Mais nous sommes inconsolables aussi. Nous sommes le corps qui tombe aussi. Nous sommes l’impossibilité de comprendre. 

Nous sommes la folie des choses aussi. 

Nous sommes dans la gare Saint-Charles au milieu des hommes en armes, fusil d’assaut pointé au sol, crosse des carabines posée sur l’épaule, la force de l’ordre qui nous regarde dans les yeux passer les tourniquets en silence. Nous sommes la peur qui voudrait être rassurante. Nous ne sommes pas rassurés. Nous sommes le désir d’aller voir la mer pour s’y jeter entièrement et se laver de la peur et de la honte ressenties quand on nous prête la volonté d’être rassurés.

Nous nous réveillons dans le bruit du monde et nous sommes le monde confondu dans ce bruit de fond qui danse avec nous la réalité défaite.

Oui, nous sommes inconsolables.

Nous marchons dans la réalité inconsolables et vivants, inconsolables de cette grâce accordée du hasard et de la vie. 

Nous sommes vivants parce que nous ne sommes pas morts, et c’est contre cette butée du réel que nous marchons.

Nous avons mis la mort au passé, mais pourquoi nous.

Nous marchons et nous pensons : pourquoi nous.
Nous marchons comme si nous étions vivants encore, et nous le sommes, et nous cherchons le chemin dans notre marche, qui saura être une route.
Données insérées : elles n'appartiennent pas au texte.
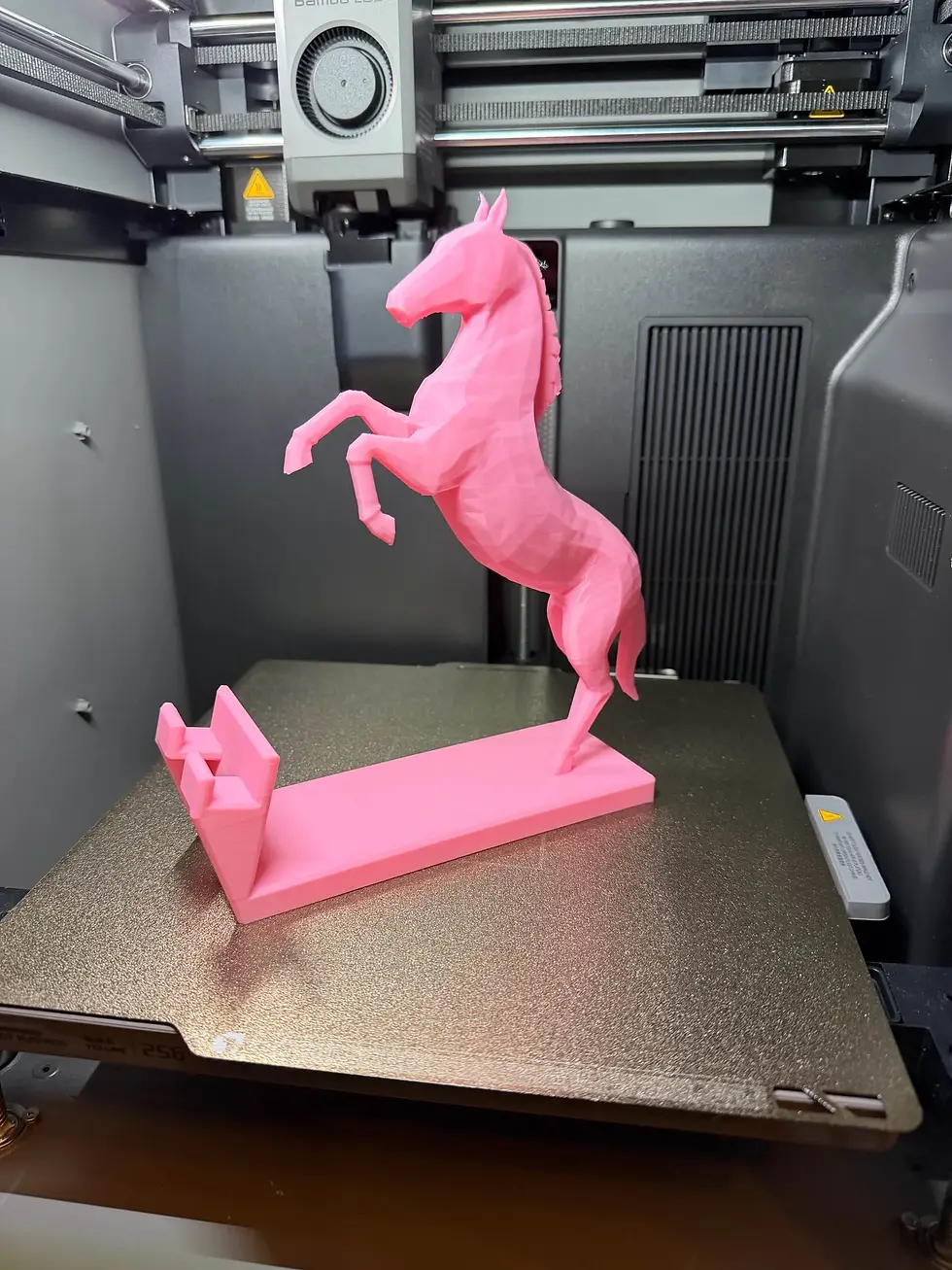 Küçük resim: Rearing Horse Phone stand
Nous sommes le chemin soudain et notre marche la dessine devant nous. 

Nous sommes plein de colère aussi, pourquoi le cacher. Nous sommes plein de douceur quand nous pensons à cette colère que nous portons et qui ne fabriquera que de la tristesse. Et de la route aussi. Nous marchons encore alors en cherchant des routes nouvelles.
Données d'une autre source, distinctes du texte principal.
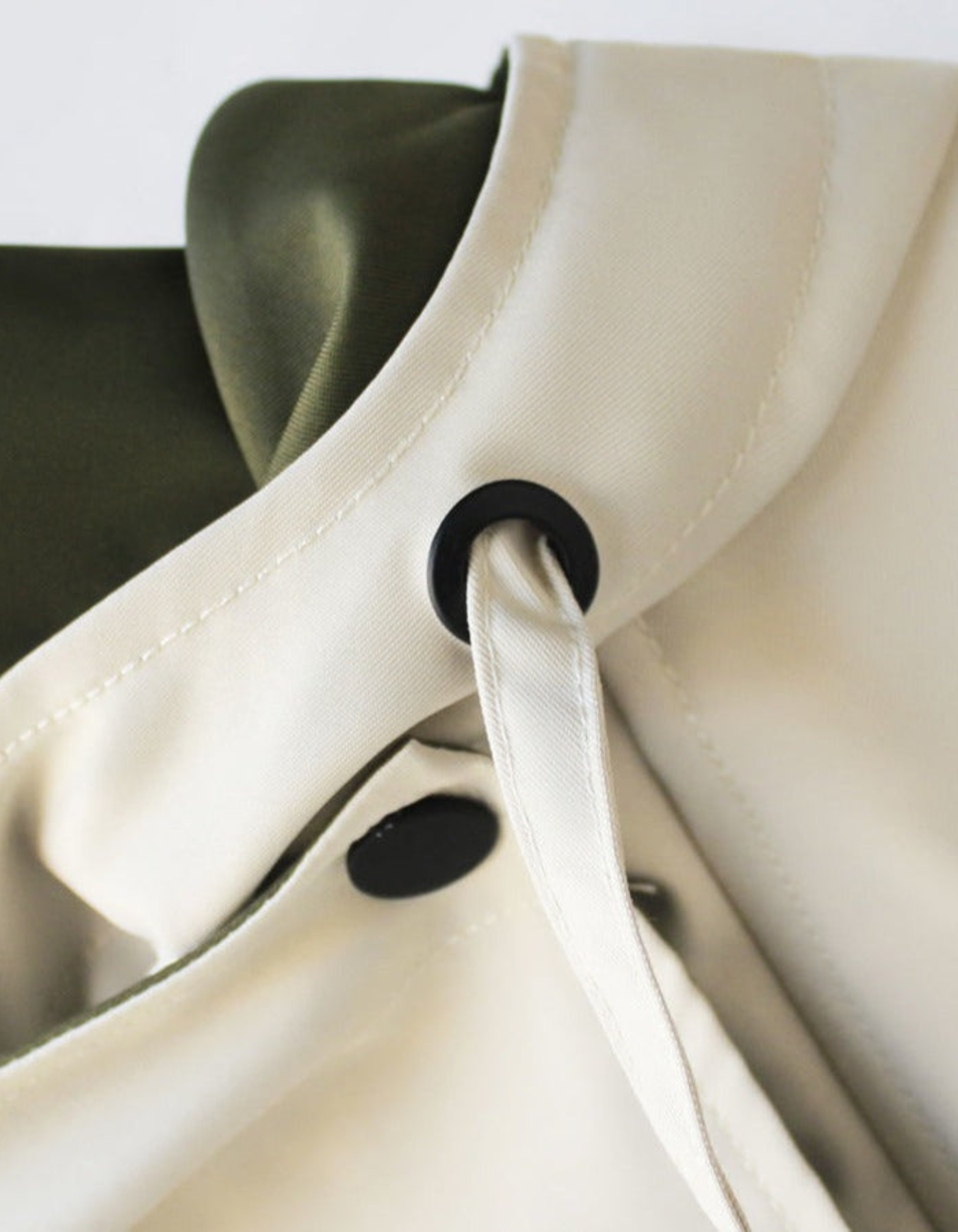 Melissa – Kontrast kolorów – Oversize’owa kurtka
Nous sommes sans armes mais non pas sans munition. 

Nous sommes sans recours possible sinon la route et la joie malgré tout. Nous sommes malgré tout dans la joie des vivants au nom des morts.

Nous sommes les migrants de cette joie-là, nous sommes la haine des frontières de toutes sortes et avant tout, celles qui se dressent dans un seul homme, celles qui se lèvent entre l’éclat et la souffle de la bombe. Nous sommes la conjuration de l’Histoire.
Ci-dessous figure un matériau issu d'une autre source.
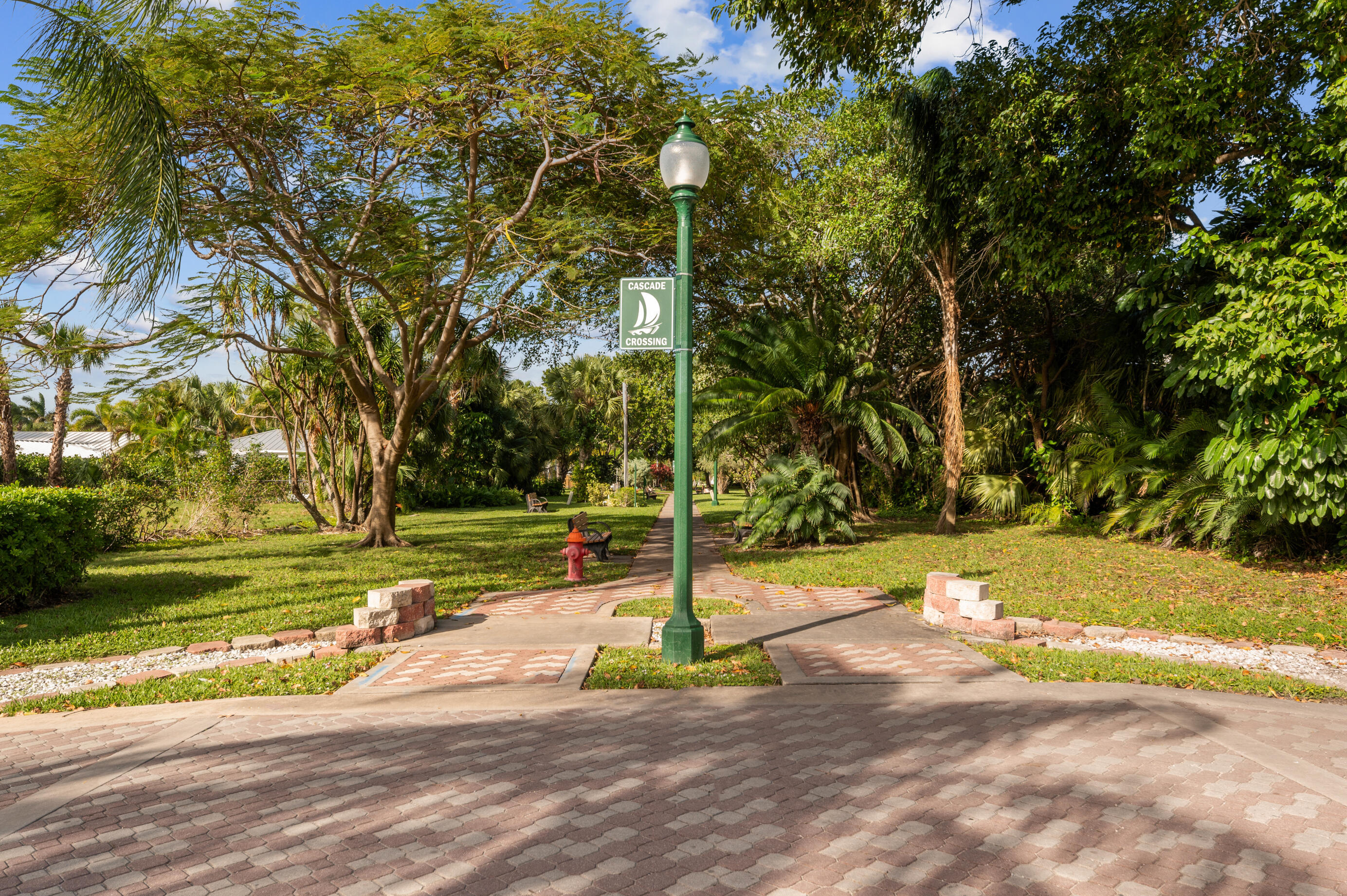 140 Inlet #312, Palm Beach Shores FL 33404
Nous nous disons : nous sommes la force d’être contre l’Histoire.

Nous sommes seuls par millions ce soir. 

Nous regardons le ciel ce soir et la lune est immense. 

Nous sommes par millions le visage éclairé par la lune, seuls, devant les images, inconsolables, et cette pensée de la vie qui nous submerge.

Nous pensons à nos enfants, qui sont notre seule patrie, et qui nous consolent.

Nous regardons longuement la nuit se faire qui prépare inlassablement le jour.

Arnaud MAÏSETTI


Arnaud Maïsetti vit et écrit entre Paris et Marseille, où il enseigne le théâtre à l'université d'Aix-Marseille. Vous pouvez le retrouver sur son site Arnaud Maïsetti | CarnetsFacebook et Twitter @amaisetti.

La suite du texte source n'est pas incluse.